=== Study material ===
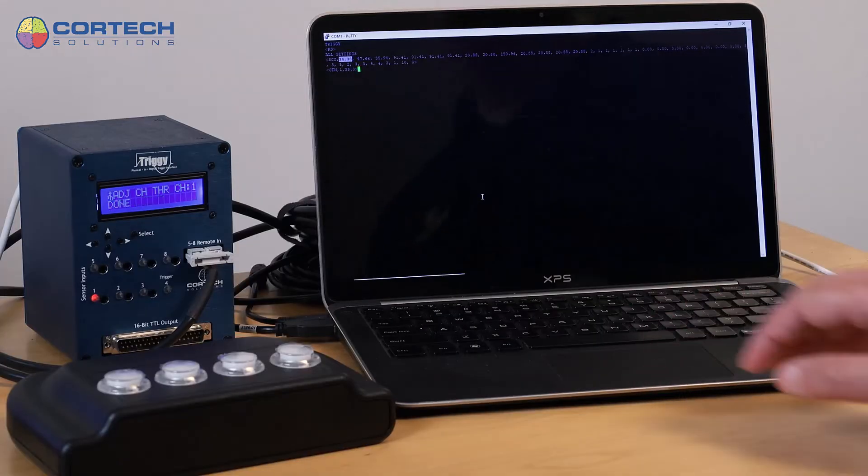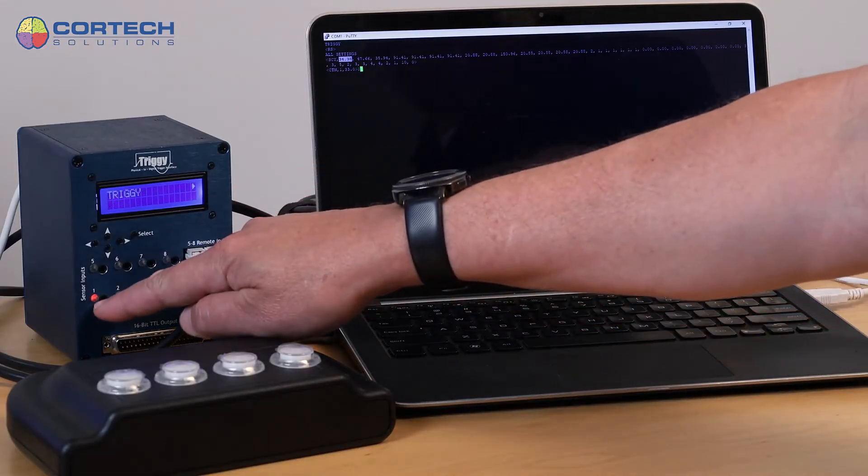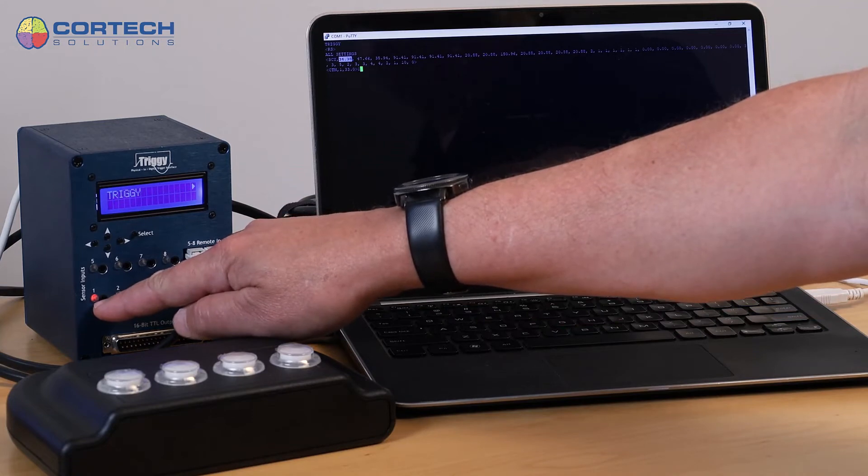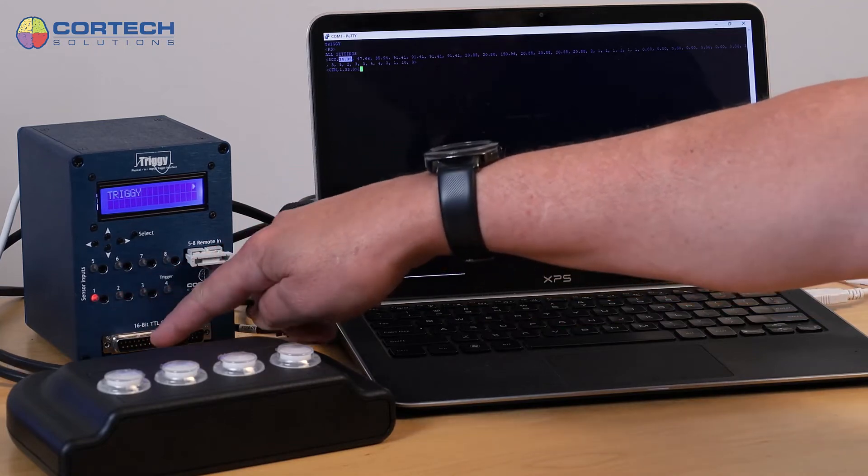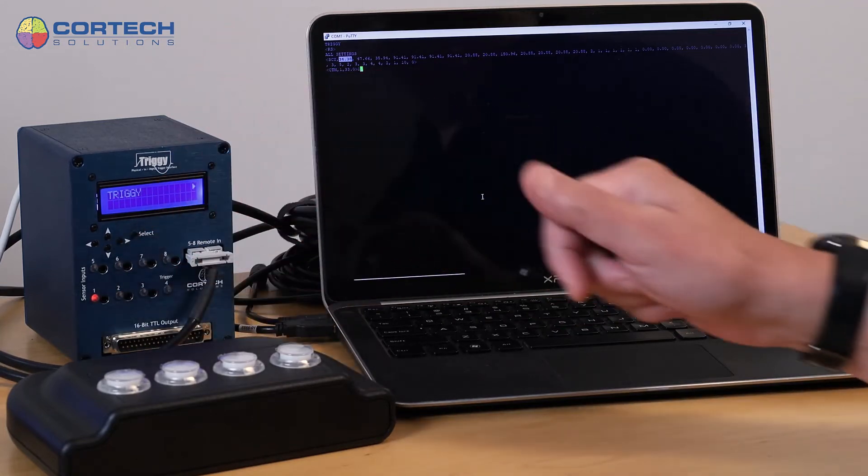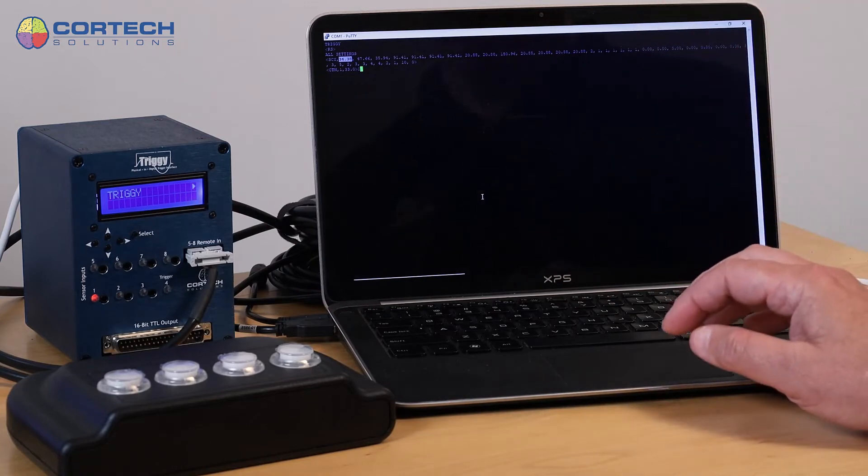And you'll see that the LED on that channel goes high, meaning the output bit connected to that is up. It's at max.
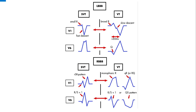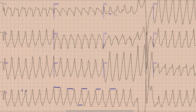Now we will apply the Brugada criteria to our case. The first step is to look for concordance. We can see that V1 shows a tall R wave, and there is an S wave in lead V2. Similarly, there is an R wave and deep S wave in lead V6, so absence of concordance is ruled out and we move on to the next step. The distance between the R wave and the nadir of the S wave is around two small squares, which is 80 milliseconds, meaning this is not ventricular tachycardia as per the second step of Brugada criteria.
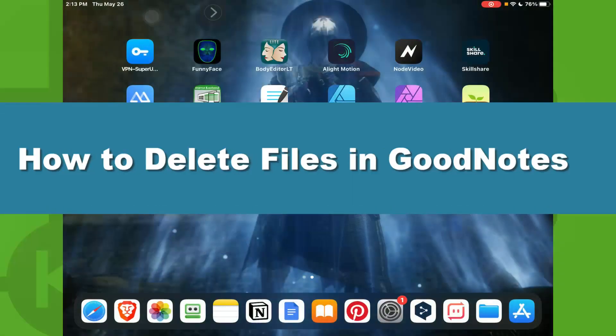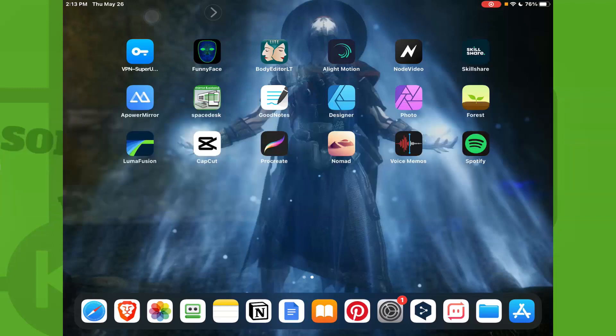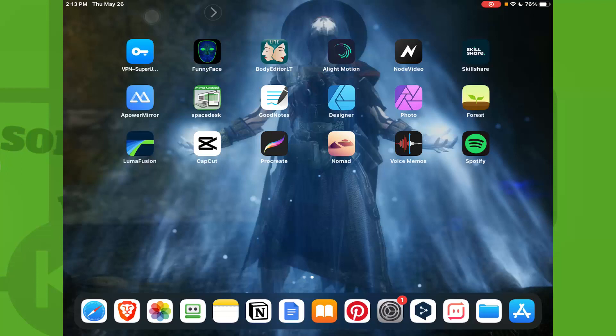How to delete multiple files at the same time on GoodNotes 5. Hello everyone, welcome to my YouTube channel How to Browser. In this video I'll show you how you can delete multiple files at once in GoodNotes. Please watch this video until the end so you can understand and learn how to do it. Now let's jump right into the video.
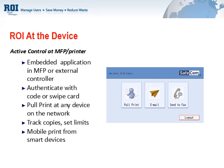The latest version of ROI at the Device offers a mobile print module that allows the same workflow to be conducted from smartphones or tablets, eliminating the need for the end-user to return to their desktop or laptop to send a job to print.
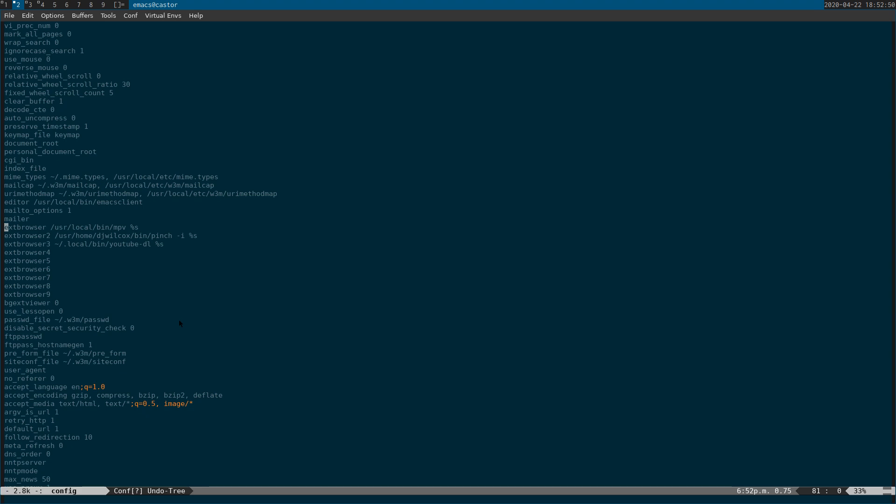But what I want to talk about is using the external browser with the W3M browser. What this basically lets you do is you can be on a page or on a link and run a keyboard shortcut to send the URL to another program. This could be a standard browser like Firefox or it could be a video player like MPV. The reason why this is good is because MPV will play the video but without the adverts.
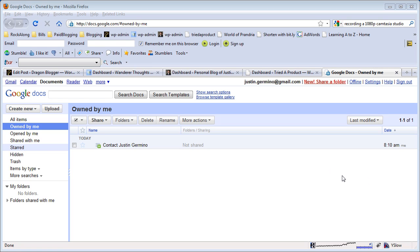The advantage of using a Google Doc form is that you can embed the same form in multiple WordPress blogs very easily, and you can keep track of everybody who submits a form through Google Docs without having to keep track and store all the email files that you will receive.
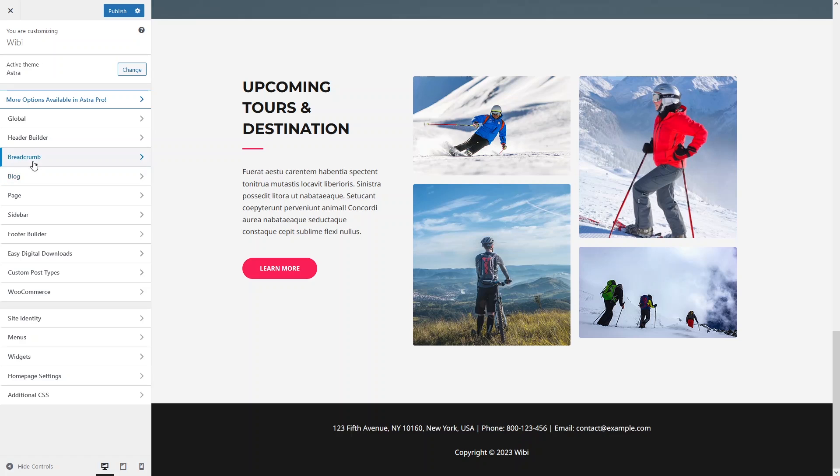The main screen-size-based customizations are inside the Header Builder and Footer Builder, with some options in the Breadcrumb section. That's how you can make the Astro theme mobile friendly and responsive. If you found this video useful, please hit the like button and subscribe to the channel.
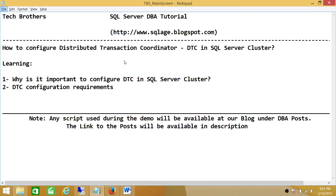If you don't have Distributed Transaction Coordinator in the cluster environment, it uses the local system. If it's on node 1, it's going to use the local Distributed Transaction Coordinator. SQL Server will make use of that, and if it's on node 2, the DTC from node 2 will be used by SQL Server.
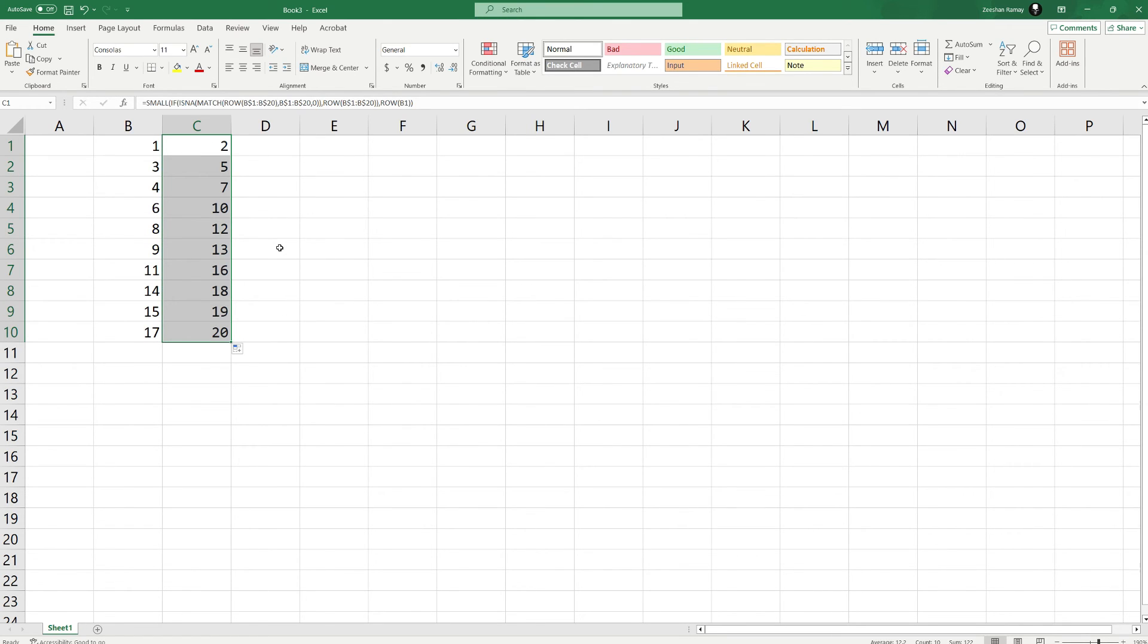And that's it. You've successfully identified the missing numbers in a sequence using Excel.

=== Required work ===
Set down, exactly as written above, each line from the one with "Now we will" through the one with "How to delete", and skip the pictures.

=== Task result ===
Now we will apply the Brugada criteria to our case. The first step is to look for concordance. We can see that V1 shows a tall R wave, and there is an S wave in lead V2. Similarly, there is an R wave and deep S wave in lead V6, so absence of concordance is ruled out and we move on to the next step. The distance between the R wave and the nadir of the S wave is around two small squares, which is 80 milliseconds, meaning this is not ventricular tachycardia as per the second step of Brugada criteria.
How to delete multiple files at the same time on GoodNotes 5. Hello everyone, welcome to my YouTube channel How to Browser. In this video I'll show you how you can delete multiple files at once in GoodNotes. Please watch this video until the end so you can understand and learn how to do it. Now let's jump right into the video.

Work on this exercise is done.